# Your instructions:
Write out exactly the lines below from the one containing "Mickey Mouse tower puzzle" to the last, both ends kept, and nothing more; skip all pictures.

# Dataset excerpt:
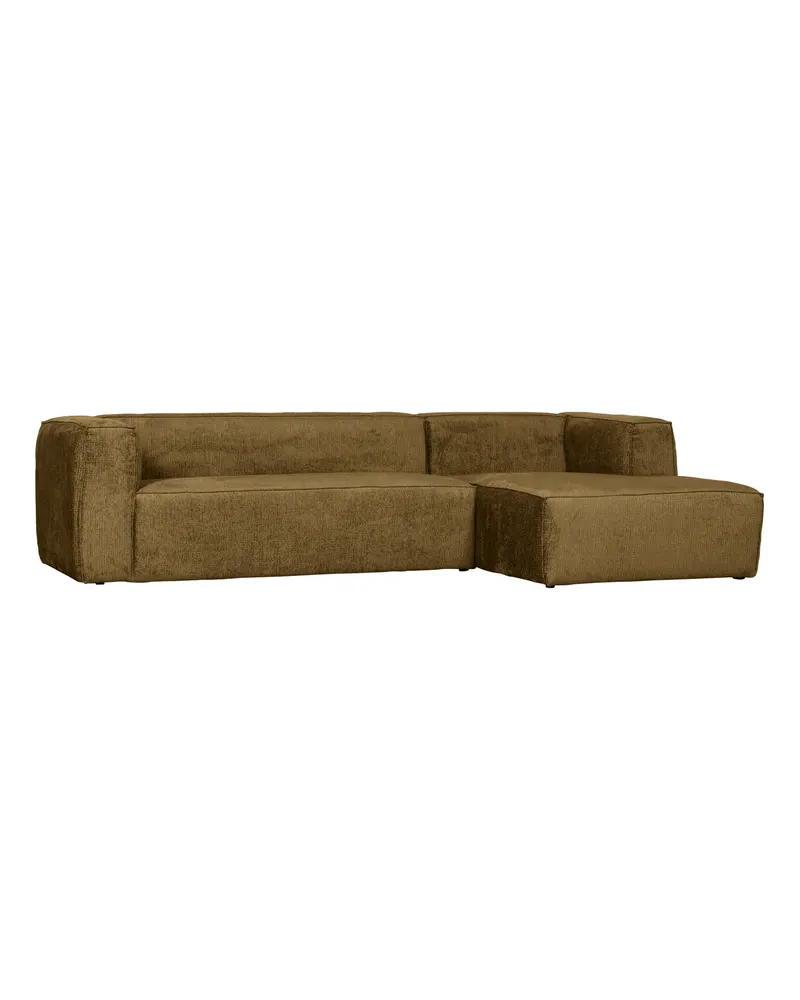 Bean Ecksofa rechts, Spices, Struktursamt, Ansicht 1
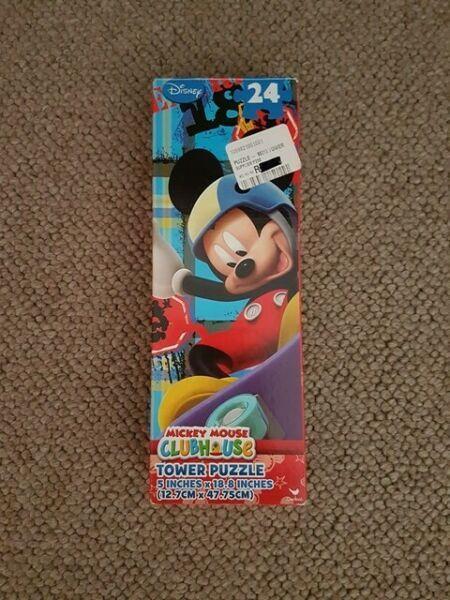 Mickey Mouse tower puzzle 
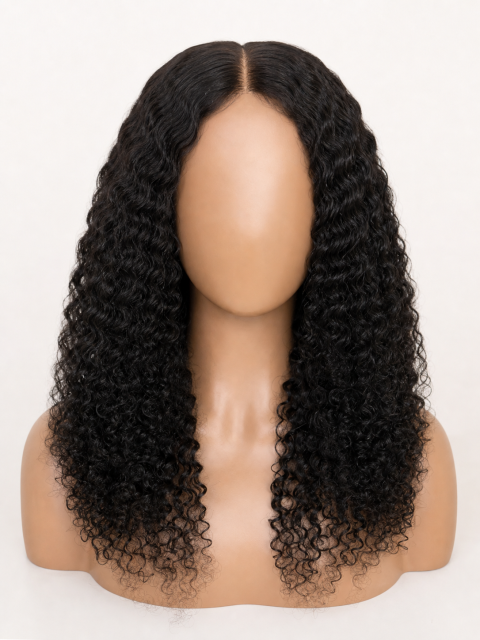SW-DC-003 Deep Curly 4x4 Closure Wig wholesale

# Written solution:
 Mickey Mouse tower puzzle 
SW-DC-003 Deep Curly 4x4 Closure Wig wholesale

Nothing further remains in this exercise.